The talk will present two approaches working with partial supervision for image segmentation. The first uses an efficient multi-instance formulation to obtain object class segmentations when trained on class labels alone. The second uses a latent CRF formulation to extract object parts based on object class segmentation.


From Particle Stereo to Scene Stereo

Talk
  • 25 February 2013
  • Carsten Rother

In this talk I will present two lines of research which are both applied to the problem of stereo matching. The first line of research tries to make progress on the very traditional problem of stereo matching. In BMVC 11 we presented the PatchmatchStereo work which achieves surprisingly good results with a simple energy function consisting of unary terms only. As optimization engine we used the PatchMatch method, which was designed for image editing purposes. In BMVC 12 we extended this work by adding to the energy function the standard pairwise smoothness terms. The main contribution of this work is the optimization technique, which we call PatchMatch-BeliefPropagation (PMBP). It is a special case of max-product Particle Belief Propagation, with a new sampling schema motivated by Patchmatch.

The method may be suitable for many energy minimization problems in computer vision, which have a non-convex, continuous and potentially high-dimensional label space.
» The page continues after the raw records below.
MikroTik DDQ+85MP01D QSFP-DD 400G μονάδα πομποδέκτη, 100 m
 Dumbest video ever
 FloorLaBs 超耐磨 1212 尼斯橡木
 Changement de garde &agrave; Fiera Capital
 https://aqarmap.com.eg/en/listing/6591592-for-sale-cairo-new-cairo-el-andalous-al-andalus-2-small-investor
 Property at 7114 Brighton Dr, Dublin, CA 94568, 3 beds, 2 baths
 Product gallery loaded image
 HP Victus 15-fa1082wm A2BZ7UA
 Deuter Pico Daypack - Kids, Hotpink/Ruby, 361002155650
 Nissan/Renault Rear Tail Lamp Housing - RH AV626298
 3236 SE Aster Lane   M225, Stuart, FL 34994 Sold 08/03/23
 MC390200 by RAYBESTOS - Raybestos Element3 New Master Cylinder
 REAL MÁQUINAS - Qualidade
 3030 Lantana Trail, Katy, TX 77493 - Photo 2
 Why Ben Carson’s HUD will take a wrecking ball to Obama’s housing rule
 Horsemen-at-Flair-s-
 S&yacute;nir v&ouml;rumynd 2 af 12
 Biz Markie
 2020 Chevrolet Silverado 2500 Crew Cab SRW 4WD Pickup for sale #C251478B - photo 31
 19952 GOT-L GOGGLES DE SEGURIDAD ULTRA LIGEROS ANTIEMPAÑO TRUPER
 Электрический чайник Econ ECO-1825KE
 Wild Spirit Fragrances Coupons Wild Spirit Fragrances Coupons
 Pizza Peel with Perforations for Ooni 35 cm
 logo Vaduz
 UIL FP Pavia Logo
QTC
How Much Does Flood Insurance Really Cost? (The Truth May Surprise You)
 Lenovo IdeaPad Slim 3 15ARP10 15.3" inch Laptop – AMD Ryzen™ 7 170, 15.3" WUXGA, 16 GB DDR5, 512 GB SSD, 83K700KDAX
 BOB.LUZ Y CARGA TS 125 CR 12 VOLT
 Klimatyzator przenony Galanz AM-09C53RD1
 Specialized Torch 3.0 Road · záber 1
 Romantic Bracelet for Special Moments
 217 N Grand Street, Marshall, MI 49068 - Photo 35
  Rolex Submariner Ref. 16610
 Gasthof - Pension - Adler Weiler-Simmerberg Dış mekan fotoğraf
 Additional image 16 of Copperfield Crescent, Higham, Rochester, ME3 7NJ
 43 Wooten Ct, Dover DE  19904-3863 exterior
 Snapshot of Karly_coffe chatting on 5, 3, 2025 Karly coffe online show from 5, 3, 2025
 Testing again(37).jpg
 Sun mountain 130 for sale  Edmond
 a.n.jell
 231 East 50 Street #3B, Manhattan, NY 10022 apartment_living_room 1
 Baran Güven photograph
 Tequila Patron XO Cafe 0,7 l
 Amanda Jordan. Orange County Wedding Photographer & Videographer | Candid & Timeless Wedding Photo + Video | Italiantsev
The second line of research combines the problem of stereo matching with the problem of object extracting in the scene. We show that both tasks can be solved jointly and boost the performance of each individual task. In particular, stereo matching improves since objects have to obey physical properties, e.g. they are not allowed to fly in the air. Object extracting improves, as expected, since we have additional information about depth in the scene.